Mexico en su fiesta Carlos Ernesto García

Ilustración de Manuel ClaveroIlustración de Manuel Clavero

Poncho, botas tejanas, pistola al cinto y sombrero, dijeron que era todo lo que necesitaba para salir a las calles de aquella pequeña población del interior de un México para mí desconocido. Luego nos dirigimos hasta la plaza central donde en unas horas comenzaría el jaripeo. Al revisar el revólver comprobé que su tambor estaba cargado.

Me acerqué hasta una barra al aire libre con el propósito de calmar la sed y… justo a mi costado tenía a un charro quien al verme, alzando su copa, me pidió que brindáramos. Su semblante alegre, su voz socarrona, su manera campechana, su mirada pícara, me resultaron familiares y, sí, era quien supuse. Se trataba de Antonio Aguilar, uno de los más queridos charros que, esa tarde sobre el escenario, acompañado por sus músicos cantaría los temas que un público entusiasta le solicitaba a gritos. Una multitud que celebraba el final de cada canción, más que con aplausos, con disparos lanzados al aire.
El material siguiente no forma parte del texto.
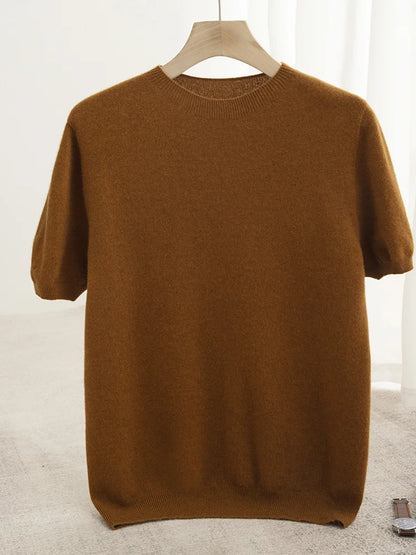 Men Classical T-shirt 100% Merino Wool Sweater O-neck Short Sleeve Pullover Smart Casual Basic Clothing Cashmere Knitwear Tops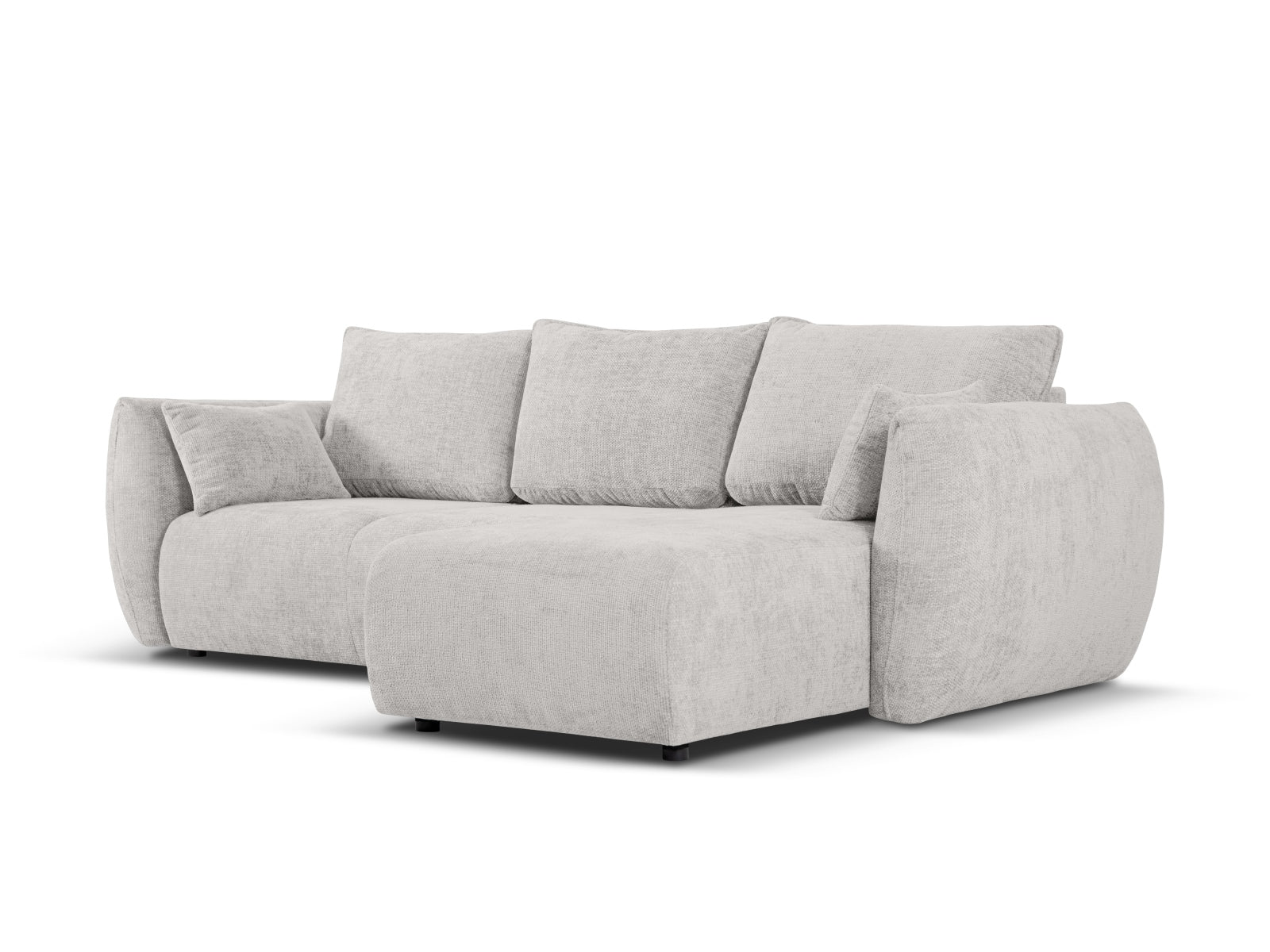 Modernes 4-Sitzer Ecksofa Matera in Hellgrau, ideal für Gäste, mit praktischer Schlaffunktion und Stauraum für zusätzlichen Komfort.
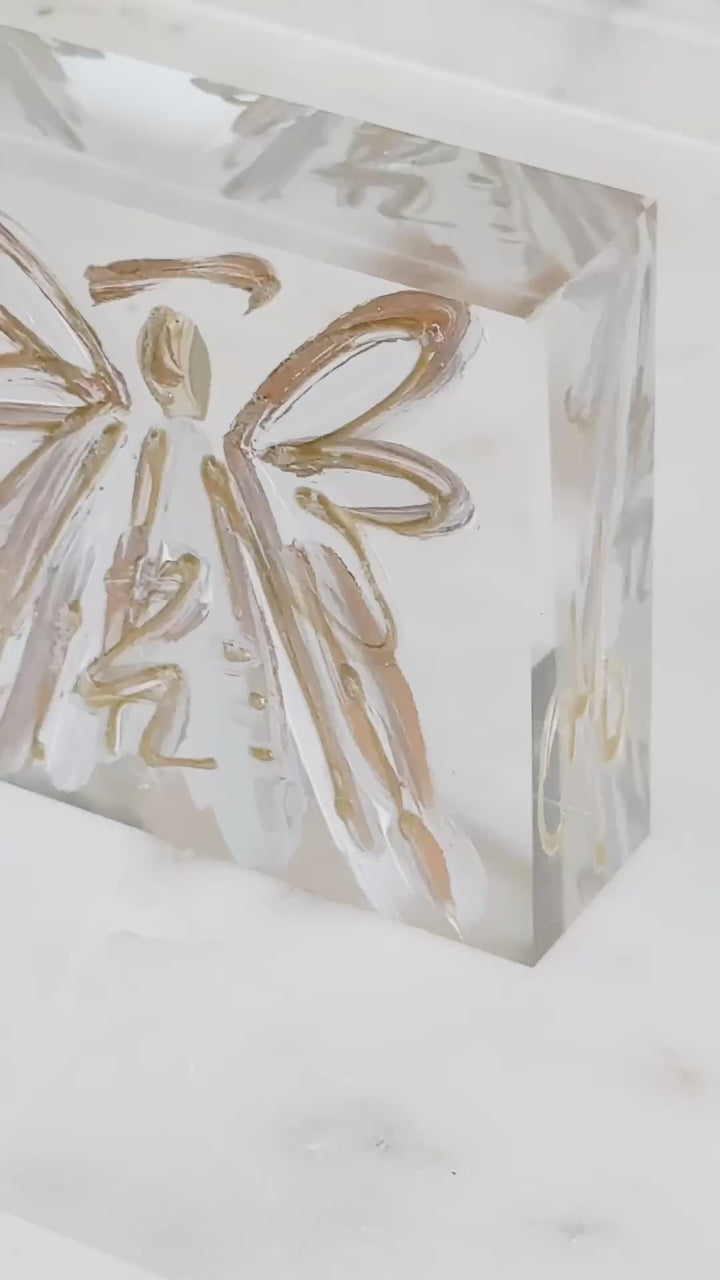 Clear cube decor with gold angel design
Después, dimos un largo paseo por las calles empedradas, metiéndonos en cualquiera de los portales abiertos al visitante donde, en el interior, las cocineras preparaban todo tipo de suculentos platos, café y pan. Llamó mi atención que rodeando los patios se habían dispuesto camas de esas bajitas de lona que suelen usar los militares en sus tiendas.

Al caer la noche, aisladas, comenzaron las riñas de borrachos mientras, en las esquinas y plazas, los bailes eran acompañados de guitarras, violines y trompetas. Al llegar el amanecer, las mujeres del pueblo recogían como cadáveres a los hombres que vencidos por el mezcal, el tequila o la cerveza, habían quedado tirados en aceras o cunetas. Hombres en su mayoría desconocidos, llegados aquel día de las poblaciones vecinas a los que las mujeres, ancianas y jóvenes, llevaban hasta las camas de los patios, atendiéndolos como a sus propios hijos o maridos. Me acerqué hasta una señora para pedir un café y sentándome en un banco me quedé observando aquel lugar que parecía un hospital de campaña al final de una batalla.